We open next week! Get your tickets now!

Long Live the Musical!
Scott

The New Regional Arts Commission

To our great surprise and horror, after 27 years of funding New Line Theatre, the Regional Arts Commission (RAC) decided not to fund us this season. We were truly baffled by the decision -- we get rave reviews for every show we produce, we have a national profile for both excellence and risk-taking, and Broadway writers periodically come see our productions of their shows, particularly when those shows were destroyed on Broadway, but brought back to life by New Line.

One article about RAC's new direction said, "Among the plan’s recommendations is that arts groups work with local organizations to help solve community problems. Arts groups can play a role with efforts to build affordable housing, improve public safety and other civic initiatives, RAC executive director Felicia Shaw said."

I think this is seriously misguided. You don't drive a nail with a pair of scissors. Same principle here.

Theatre and other art forms often address social and political issues (at New Line, almost always), but it is not the job of an arts organization to build housing or make neighborhoods safe. We are storytellers, not the police and not construction workers.
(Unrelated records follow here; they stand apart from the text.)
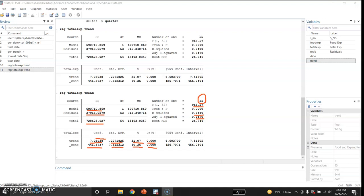In passing, observe that we cannot compare the R-squared values of the model estimated in video number 298 and the model estimated in this video number 300, because the dependent variables in the two models are different. In some other video we will show how to compare R-squares across models like the linear trend model and the loglin model.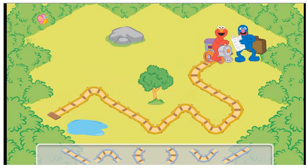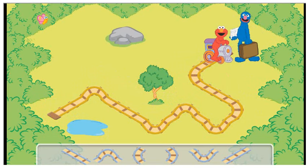You did it! You engineered a track and helped Conductor Elmo get his train to the station to pick up Grover.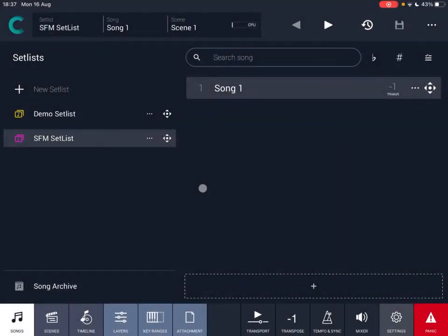Hi everybody, welcome to a new tutorial from Sound for More. It's Leo speaking. Today we are going to go through how to use the timeline in Camelot Pro.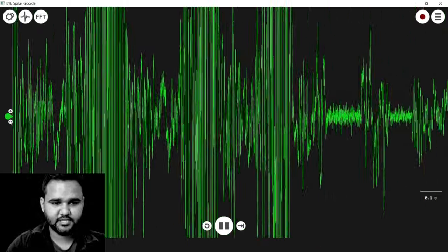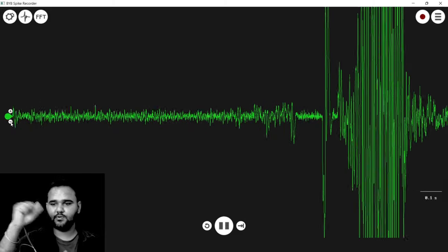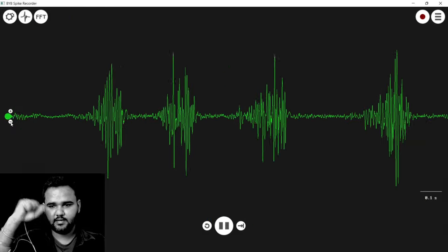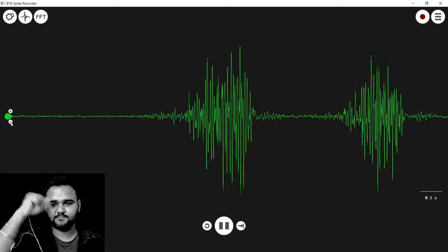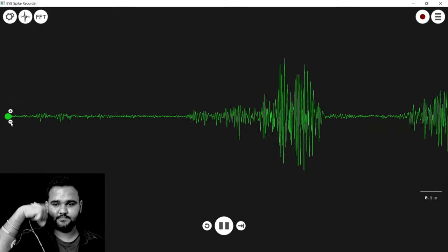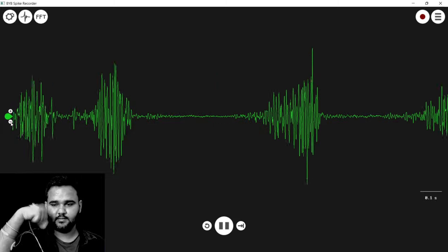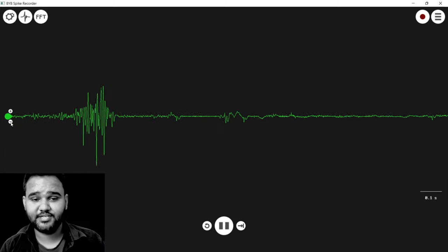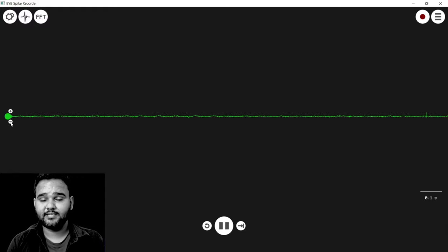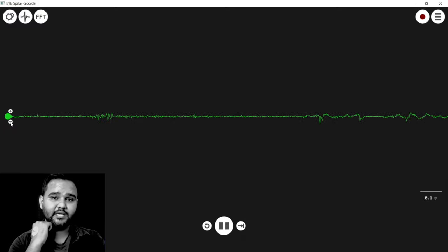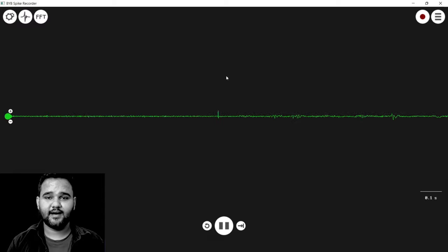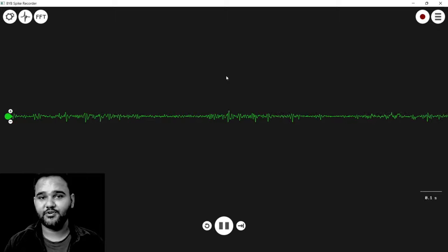The notch filter for 50 Hz is already set, so we are good to go. I'll press the plus button to increase the signal visualization. As you can see, we are able to record the EMG signal very easily. Using this connection, you can record muscle signals from any part of your body — connect the positive and negative electrodes to the target muscle and the reference electrode somewhere with no interference, like a bony part such as your elbow.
We make our communities better places already by telling important, relevant stories that make people think. Does she not understand that?

Felicia is essentially telling us, though she may not realize it, that if we want to be funded by RAC again, we have to change the nature of what we do, change our mission statement (which does not currently mention affordable housing or neighborhood safety), etc.

In another interview, she said, "The focus of the report is how can the arts play a larger role in making St. Louis a better place to live."

The arts already do that in spades. In every city that creates an arts district, neighborhoods around that district thrive, because the arts automatically make an area a better place to live.

One person commented about all this in a St. Louis Theatre group on Facebook, "I believe though that sometimes we have to go beyond our comfort zone for what the community needs. I think that’s what RAC is trying to accomplish."

But it's not about comfort zones; it's about mission statement. People don't donate money to New Line to build affordable housing; they donate to us to tell them interesting, thought-provoking stories that intersect/interact with the issues surrounding us in the real world.

There's also something much more, much bigger going on here. Felicia's comments reveal something far more concerning, an underlying assumption that the arts are not "enough," that creating art and sharing it with the community, the entire point of a nonprofit arts organization, isn't sufficiently valuable in her eyes; that feeding the soul and the brain and the heart are less worthy endeavors than feeding the stomach.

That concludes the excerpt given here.